RECORDS SUPPLIED below:

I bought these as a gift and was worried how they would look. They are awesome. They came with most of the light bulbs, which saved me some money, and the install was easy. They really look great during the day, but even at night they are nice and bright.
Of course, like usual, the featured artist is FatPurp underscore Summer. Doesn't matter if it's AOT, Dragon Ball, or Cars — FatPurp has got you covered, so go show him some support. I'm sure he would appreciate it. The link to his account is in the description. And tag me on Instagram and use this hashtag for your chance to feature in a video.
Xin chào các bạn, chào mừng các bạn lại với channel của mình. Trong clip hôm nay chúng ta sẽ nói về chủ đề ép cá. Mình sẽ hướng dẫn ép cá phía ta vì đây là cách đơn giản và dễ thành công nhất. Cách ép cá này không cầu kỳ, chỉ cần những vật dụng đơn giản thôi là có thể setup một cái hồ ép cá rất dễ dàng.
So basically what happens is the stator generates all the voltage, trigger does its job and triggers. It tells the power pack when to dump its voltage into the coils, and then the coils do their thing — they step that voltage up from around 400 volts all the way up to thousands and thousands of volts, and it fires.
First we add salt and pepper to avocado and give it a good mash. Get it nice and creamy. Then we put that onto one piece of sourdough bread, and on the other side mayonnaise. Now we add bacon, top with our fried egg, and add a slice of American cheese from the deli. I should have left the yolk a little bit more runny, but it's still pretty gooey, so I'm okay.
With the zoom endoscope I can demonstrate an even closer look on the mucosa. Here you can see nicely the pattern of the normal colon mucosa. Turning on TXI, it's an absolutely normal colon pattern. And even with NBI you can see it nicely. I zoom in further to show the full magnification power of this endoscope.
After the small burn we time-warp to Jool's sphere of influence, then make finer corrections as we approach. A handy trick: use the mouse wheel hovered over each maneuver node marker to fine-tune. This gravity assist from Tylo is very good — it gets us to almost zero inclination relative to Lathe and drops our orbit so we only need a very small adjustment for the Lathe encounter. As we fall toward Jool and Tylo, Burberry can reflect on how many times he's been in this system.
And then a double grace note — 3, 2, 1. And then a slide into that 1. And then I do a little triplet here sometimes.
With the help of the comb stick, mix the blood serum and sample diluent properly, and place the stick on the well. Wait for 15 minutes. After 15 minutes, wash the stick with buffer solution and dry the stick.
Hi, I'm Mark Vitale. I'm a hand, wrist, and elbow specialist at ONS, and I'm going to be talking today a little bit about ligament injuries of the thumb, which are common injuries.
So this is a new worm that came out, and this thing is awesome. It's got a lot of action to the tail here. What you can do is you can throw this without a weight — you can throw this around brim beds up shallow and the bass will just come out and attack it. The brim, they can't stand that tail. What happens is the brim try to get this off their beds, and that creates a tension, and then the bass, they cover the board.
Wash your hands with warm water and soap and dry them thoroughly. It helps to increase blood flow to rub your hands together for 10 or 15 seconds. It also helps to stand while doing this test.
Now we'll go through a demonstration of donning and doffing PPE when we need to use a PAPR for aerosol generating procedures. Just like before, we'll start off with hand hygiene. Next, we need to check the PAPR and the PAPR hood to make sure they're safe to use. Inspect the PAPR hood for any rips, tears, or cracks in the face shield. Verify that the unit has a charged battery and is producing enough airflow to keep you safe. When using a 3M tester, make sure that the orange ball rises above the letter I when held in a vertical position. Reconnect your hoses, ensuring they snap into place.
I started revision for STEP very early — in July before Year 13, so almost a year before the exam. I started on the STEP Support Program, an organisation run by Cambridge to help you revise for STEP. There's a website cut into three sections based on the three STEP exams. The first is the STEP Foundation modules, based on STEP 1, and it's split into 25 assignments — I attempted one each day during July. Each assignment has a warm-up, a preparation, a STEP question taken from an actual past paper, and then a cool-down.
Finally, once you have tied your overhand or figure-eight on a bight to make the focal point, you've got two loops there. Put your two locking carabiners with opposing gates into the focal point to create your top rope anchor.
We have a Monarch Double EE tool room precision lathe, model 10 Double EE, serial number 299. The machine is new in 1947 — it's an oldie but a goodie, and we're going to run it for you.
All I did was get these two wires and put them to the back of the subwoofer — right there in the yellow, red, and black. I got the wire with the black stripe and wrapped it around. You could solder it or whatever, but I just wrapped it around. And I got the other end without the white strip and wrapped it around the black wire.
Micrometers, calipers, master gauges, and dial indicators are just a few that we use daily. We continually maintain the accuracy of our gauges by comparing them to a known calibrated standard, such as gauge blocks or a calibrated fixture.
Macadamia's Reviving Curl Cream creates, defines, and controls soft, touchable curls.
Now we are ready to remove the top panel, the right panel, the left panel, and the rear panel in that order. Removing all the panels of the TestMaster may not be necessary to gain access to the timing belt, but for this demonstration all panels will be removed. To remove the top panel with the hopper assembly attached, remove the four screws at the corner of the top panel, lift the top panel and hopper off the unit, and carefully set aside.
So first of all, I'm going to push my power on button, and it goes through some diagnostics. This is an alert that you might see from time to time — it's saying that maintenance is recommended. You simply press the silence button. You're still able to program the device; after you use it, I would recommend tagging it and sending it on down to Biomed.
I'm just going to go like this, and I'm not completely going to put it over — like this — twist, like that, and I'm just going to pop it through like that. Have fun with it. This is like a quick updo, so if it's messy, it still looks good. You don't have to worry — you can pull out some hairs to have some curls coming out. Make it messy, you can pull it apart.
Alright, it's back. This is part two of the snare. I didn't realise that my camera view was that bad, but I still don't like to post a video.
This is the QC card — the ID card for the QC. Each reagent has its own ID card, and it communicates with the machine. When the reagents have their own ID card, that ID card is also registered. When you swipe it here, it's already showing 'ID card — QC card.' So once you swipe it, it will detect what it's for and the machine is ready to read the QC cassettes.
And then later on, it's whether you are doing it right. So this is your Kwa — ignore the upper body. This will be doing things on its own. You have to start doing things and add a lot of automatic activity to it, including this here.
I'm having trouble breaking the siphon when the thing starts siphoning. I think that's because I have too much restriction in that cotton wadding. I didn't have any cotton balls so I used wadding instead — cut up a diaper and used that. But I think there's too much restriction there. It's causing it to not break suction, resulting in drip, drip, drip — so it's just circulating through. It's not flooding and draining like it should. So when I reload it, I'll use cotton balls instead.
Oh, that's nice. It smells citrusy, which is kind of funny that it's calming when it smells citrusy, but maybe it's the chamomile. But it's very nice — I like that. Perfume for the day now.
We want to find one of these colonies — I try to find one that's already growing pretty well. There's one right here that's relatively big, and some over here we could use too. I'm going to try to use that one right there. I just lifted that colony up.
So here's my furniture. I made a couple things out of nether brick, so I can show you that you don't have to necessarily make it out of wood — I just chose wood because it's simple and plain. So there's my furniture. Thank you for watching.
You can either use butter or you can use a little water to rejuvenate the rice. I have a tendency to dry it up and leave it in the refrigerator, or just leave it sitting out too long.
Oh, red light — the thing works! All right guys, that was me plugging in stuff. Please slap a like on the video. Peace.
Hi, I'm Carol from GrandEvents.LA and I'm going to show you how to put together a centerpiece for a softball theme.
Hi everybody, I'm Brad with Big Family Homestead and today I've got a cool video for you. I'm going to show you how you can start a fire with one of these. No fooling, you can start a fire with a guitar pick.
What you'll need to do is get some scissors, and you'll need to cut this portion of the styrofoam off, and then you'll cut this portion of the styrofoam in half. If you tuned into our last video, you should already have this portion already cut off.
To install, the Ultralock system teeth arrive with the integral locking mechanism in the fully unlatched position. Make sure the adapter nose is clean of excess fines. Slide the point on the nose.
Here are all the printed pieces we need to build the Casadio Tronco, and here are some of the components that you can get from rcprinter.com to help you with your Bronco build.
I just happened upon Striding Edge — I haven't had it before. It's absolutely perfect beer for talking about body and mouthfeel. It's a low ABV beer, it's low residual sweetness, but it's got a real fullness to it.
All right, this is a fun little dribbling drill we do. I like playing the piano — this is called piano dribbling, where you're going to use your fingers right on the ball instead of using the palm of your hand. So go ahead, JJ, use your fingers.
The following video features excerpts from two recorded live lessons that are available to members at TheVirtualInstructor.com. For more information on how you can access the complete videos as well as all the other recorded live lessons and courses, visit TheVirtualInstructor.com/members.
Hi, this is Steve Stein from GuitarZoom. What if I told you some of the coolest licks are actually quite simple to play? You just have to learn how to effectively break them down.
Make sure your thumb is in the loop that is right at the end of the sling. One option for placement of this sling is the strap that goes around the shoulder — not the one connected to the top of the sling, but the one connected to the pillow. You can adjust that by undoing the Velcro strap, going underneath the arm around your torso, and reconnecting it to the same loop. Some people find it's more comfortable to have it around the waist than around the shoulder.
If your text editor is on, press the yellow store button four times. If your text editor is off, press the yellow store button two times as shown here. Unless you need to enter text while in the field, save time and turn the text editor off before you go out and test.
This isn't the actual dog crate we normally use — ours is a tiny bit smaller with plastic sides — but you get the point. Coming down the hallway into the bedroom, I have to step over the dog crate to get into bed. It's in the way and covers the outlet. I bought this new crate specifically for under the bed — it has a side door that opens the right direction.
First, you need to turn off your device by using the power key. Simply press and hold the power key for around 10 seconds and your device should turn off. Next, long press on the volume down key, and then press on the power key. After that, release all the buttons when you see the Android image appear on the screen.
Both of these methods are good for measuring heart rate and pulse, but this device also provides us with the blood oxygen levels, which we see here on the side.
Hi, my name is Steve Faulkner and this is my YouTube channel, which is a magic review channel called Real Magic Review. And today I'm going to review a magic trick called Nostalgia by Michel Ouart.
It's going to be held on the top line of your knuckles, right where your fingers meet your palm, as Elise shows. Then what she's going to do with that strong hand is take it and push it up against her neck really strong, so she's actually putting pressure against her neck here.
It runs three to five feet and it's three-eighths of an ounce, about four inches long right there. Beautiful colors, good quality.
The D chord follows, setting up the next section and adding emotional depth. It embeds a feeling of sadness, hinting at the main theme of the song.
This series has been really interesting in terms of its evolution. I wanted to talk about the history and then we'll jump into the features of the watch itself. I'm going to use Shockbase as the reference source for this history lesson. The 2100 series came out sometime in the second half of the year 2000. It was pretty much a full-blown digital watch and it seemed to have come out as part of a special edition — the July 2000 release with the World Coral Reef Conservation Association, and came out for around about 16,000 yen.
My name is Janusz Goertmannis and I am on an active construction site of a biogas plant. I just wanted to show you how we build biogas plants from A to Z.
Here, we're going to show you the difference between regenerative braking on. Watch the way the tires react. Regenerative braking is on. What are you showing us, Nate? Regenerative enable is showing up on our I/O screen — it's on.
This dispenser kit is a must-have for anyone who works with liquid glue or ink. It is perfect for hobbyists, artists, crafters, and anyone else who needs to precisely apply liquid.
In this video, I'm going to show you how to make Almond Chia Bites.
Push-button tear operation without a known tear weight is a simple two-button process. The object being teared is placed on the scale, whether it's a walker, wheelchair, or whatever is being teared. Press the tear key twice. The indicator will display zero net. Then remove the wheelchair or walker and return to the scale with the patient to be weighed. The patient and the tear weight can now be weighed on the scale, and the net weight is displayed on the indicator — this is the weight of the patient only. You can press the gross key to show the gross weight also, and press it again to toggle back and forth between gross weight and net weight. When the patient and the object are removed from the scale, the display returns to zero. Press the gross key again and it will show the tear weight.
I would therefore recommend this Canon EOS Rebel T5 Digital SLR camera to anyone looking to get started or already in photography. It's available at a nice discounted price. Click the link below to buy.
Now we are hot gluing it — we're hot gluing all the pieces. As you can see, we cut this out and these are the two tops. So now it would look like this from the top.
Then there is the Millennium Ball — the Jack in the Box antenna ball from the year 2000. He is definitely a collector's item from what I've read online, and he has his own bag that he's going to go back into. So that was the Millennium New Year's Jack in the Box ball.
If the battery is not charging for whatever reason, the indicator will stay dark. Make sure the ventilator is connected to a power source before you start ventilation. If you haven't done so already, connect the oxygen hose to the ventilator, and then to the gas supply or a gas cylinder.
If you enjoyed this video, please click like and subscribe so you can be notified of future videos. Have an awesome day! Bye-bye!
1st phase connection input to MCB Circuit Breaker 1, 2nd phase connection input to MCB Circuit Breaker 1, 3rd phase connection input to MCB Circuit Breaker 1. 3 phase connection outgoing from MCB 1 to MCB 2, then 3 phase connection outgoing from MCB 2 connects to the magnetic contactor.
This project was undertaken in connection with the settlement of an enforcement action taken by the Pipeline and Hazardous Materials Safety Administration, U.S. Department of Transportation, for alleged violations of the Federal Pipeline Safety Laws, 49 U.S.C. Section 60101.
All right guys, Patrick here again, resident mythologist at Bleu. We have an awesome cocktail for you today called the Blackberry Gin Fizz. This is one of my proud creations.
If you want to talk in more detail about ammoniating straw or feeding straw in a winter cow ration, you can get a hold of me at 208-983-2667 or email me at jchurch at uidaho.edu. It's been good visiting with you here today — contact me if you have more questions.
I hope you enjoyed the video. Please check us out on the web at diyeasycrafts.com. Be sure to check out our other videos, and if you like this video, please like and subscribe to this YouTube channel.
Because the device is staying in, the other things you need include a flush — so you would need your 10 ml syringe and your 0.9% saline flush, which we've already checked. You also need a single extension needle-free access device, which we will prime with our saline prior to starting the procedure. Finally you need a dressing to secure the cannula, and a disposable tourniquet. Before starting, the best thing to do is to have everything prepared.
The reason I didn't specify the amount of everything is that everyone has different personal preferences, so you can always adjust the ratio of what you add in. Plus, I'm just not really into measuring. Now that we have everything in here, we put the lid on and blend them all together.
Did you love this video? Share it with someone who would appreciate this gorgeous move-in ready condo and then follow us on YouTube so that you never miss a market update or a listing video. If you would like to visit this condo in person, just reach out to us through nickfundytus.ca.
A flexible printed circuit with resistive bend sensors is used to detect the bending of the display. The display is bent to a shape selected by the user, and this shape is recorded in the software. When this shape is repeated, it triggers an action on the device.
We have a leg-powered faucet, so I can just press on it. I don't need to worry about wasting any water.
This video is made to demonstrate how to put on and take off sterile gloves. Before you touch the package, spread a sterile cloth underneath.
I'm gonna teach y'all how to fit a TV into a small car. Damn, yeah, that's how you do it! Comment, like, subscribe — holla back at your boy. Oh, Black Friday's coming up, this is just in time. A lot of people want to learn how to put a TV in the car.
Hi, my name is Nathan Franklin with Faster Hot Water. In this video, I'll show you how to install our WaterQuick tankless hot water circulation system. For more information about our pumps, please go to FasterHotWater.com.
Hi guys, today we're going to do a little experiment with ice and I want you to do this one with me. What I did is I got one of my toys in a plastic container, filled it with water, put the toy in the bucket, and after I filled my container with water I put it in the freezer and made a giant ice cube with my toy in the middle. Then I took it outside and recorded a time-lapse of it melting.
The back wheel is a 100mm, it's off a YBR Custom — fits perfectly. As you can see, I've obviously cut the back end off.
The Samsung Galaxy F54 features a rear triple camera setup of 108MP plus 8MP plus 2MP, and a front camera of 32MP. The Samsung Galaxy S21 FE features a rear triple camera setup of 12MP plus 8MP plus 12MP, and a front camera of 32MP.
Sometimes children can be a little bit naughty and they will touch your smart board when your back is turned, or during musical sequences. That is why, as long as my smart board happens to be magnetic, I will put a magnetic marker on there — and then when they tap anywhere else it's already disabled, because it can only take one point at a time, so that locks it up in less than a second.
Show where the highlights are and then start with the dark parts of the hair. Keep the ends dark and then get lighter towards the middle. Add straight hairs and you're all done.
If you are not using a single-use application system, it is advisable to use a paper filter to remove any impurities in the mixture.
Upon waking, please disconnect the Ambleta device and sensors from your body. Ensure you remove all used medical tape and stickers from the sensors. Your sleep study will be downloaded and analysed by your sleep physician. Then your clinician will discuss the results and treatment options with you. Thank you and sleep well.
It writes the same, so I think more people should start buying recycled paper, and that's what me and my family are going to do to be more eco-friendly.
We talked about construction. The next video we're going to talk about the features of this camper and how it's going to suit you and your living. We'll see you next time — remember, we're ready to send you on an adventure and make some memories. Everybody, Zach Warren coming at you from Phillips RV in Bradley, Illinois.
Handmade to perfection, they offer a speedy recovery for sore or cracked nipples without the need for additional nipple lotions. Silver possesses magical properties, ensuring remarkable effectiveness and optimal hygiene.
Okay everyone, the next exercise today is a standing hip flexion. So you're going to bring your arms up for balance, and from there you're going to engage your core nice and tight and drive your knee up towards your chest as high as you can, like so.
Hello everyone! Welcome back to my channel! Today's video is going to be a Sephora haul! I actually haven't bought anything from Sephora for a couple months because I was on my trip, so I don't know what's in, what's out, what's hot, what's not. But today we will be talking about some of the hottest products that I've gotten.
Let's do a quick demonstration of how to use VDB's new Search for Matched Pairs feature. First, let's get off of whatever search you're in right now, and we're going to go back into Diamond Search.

End of RECORDS SUPPLIED.

**WHAT THIS TASK INVOLVES:**
Whenever a line of the entries contains the string "marker", copy that line.

**RESPONSE BOX:**
After the small burn we time-warp to Jool's sphere of influence, then make finer corrections as we approach. A handy trick: use the mouse wheel hovered over each maneuver node marker to fine-tune. This gravity assist from Tylo is very good — it gets us to almost zero inclination relative to Lathe and drops our orbit so we only need a very small adjustment for the Lathe encounter. As we fall toward Jool and Tylo, Burberry can reflect on how many times he's been in this system.
Sometimes children can be a little bit naughty and they will touch your smart board when your back is turned, or during musical sequences. That is why, as long as my smart board happens to be magnetic, I will put a magnetic marker on there — and then when they tap anywhere else it's already disabled, because it can only take one point at a time, so that locks it up in less than a second.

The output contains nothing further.